OPINION
We granted permission to appeal in this ease to determine whether challenges to the voluntariness of guilty pleas may properly be advanced in state habeas corpus proceedings. Our examination of the history of the writ of habeas corpus in Tennessee leads us to the conclusion that the reach of the Great Writ is severely restricted in this state and would, in almost all instances, preclude consideration of challenges to the voluntariness of guilty pleas in such proceedings. We thus affirm the judgment of the Court of Criminal Appeals.
The appellant, Mark D. Archer, is presently incarcerated in Alabama after being convicted in that state for the crime of robbery. Archer’s prison sentence was enhanced to life imprisonment without the possibility of parole, based upon his previous criminal record that included convictions resulting from five guilty pleas entered in Hamilton County, Tennessee, in 1981.
On November 7, 1990, Archer filed with the Hamilton County Criminal Court a “Petition For Writ Of Habeas Corpus,” alleging that the five 1981 guilty pleas entered by him were not knowingly and voluntarily entered. Archer insists that neither his lawyer nor the trial judge explained to him prior to entry of his pleas “his right not to be compelled to incriminate himself and that the convictions could be used at some future time for enhancement of punishment purposes.”

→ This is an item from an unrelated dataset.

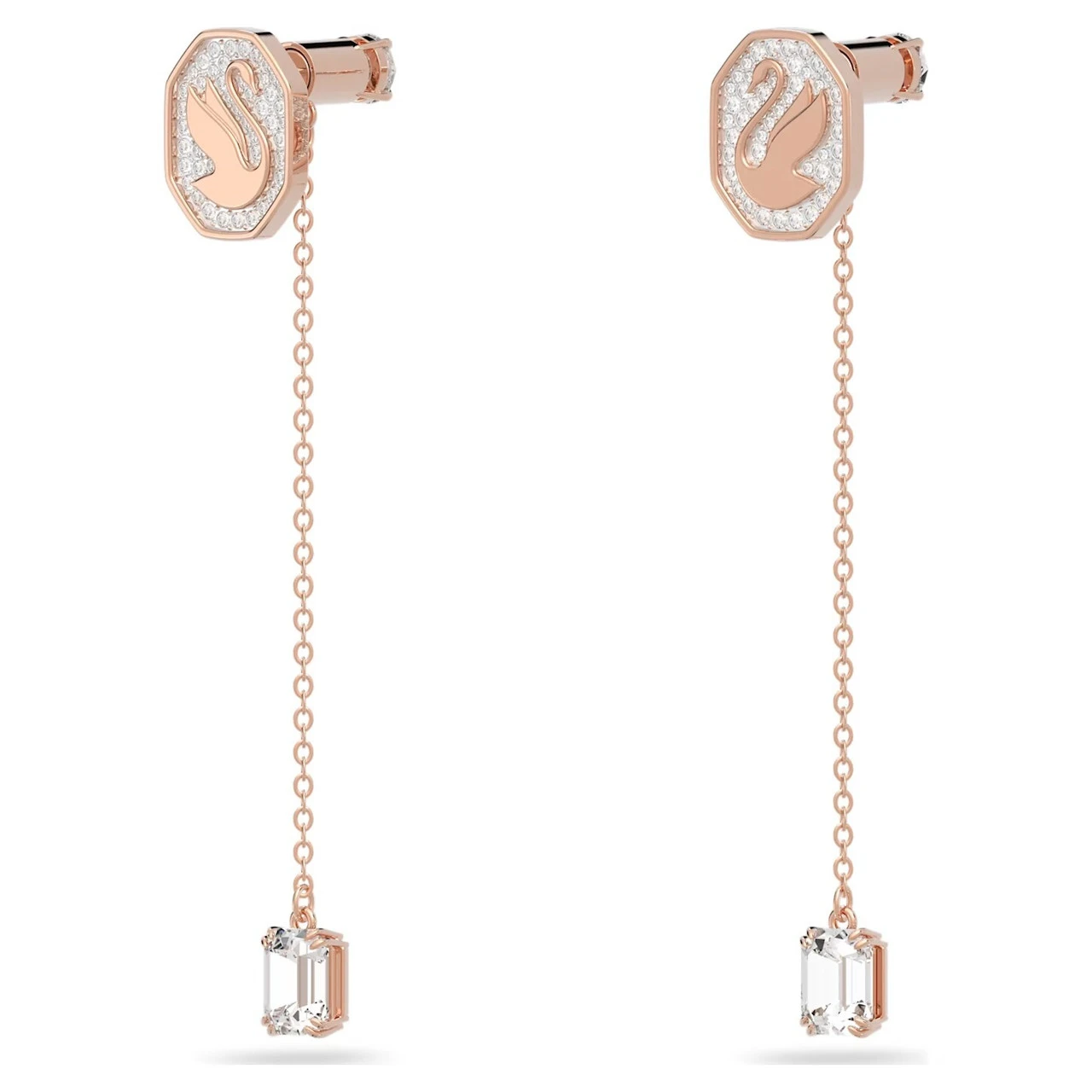 Signum Drop Earrings, Swan, White, Rose Gold-Tone Plated 5628569 | Swarovski 3 Signum Drop Earrings, Swan, White, Rose Gold-Tone Plated 5628569 | Swarovski - Image 3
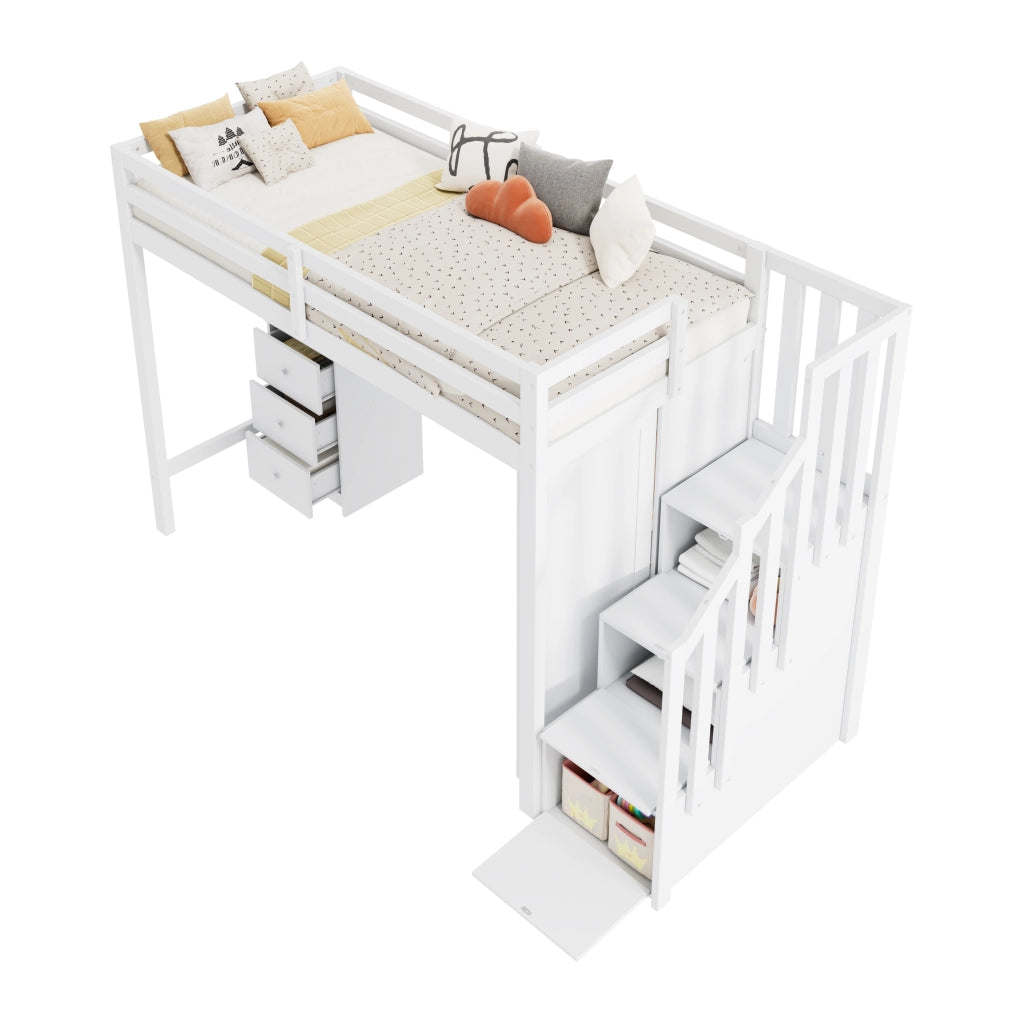 Letto a soppalco multifunzionale 90x200 cm con scrivania, armadio e cassetti, bianco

The trial court converted the petition for a writ of habeas corpus into a petition for post-conviction relief. Because Archer did not file that petition within the three-year period provided by T.C.A. § 40-30-102 for filing such claims, the trial court also ruled that consideration of the appellant’s petition was time-barred.
On appeal, the majority of the Court of Criminal Appeals panel held that any error in the acceptance of Archer’s 1981 guilty pleas rendered the judgment entered upon those pleas voidable only, and not void. Consequently, the intermediate court concluded that the validity of the guilty pleas could not be challenged in a habeas corpus proceeding and that the trial court properly converted the petition into one for post-conviction relief and dismissed it as untimely. The court also concluded that even if *159 Archer’s petition were treated as a petition for a writ of habeas corpus, the petition would have to be dismissed because of Archer’s failure to comply with various statutory requirements regarding the filing of the petition for the writ.
In a separate concurring opinion, Judge Tipton argued that relevant Tennessee case law holds that the voluntariness of guilty pleas can be challenged in habeas corpus proceedings, citing
State ex rel. Anglin v. Mitchell,
Before this Court, Archer contends that challenges to the voluntariness of guilty pleas may be raised in petitions for writs of habeas corpus. He thus insists that conversion of his petition for a writ of habeas corpus into a petition for post-conviction relief was improper. Archer also argues that if his petition could properly be viewed as a petition for a writ of habeas corpus, application of the three-year post-conviction statute of limitations found in T.C.A. § 40-30-102 to that petition would operate to suspend the right to the writ of habeas corpus in contravention of the provisions of Article I, Section 15 of the Tennessee Constitution.
In order to determine whether the trial court erred in treating Archer’s habeas corpus petition as a post-conviction petition, we must decide whether challenges to the voluntariness of guilty pleas can be maintained in collateral, habeas corpus proceedings. The answer to that question requires, in turn, an examination of the history and the nature of the writ of habeas corpus itself.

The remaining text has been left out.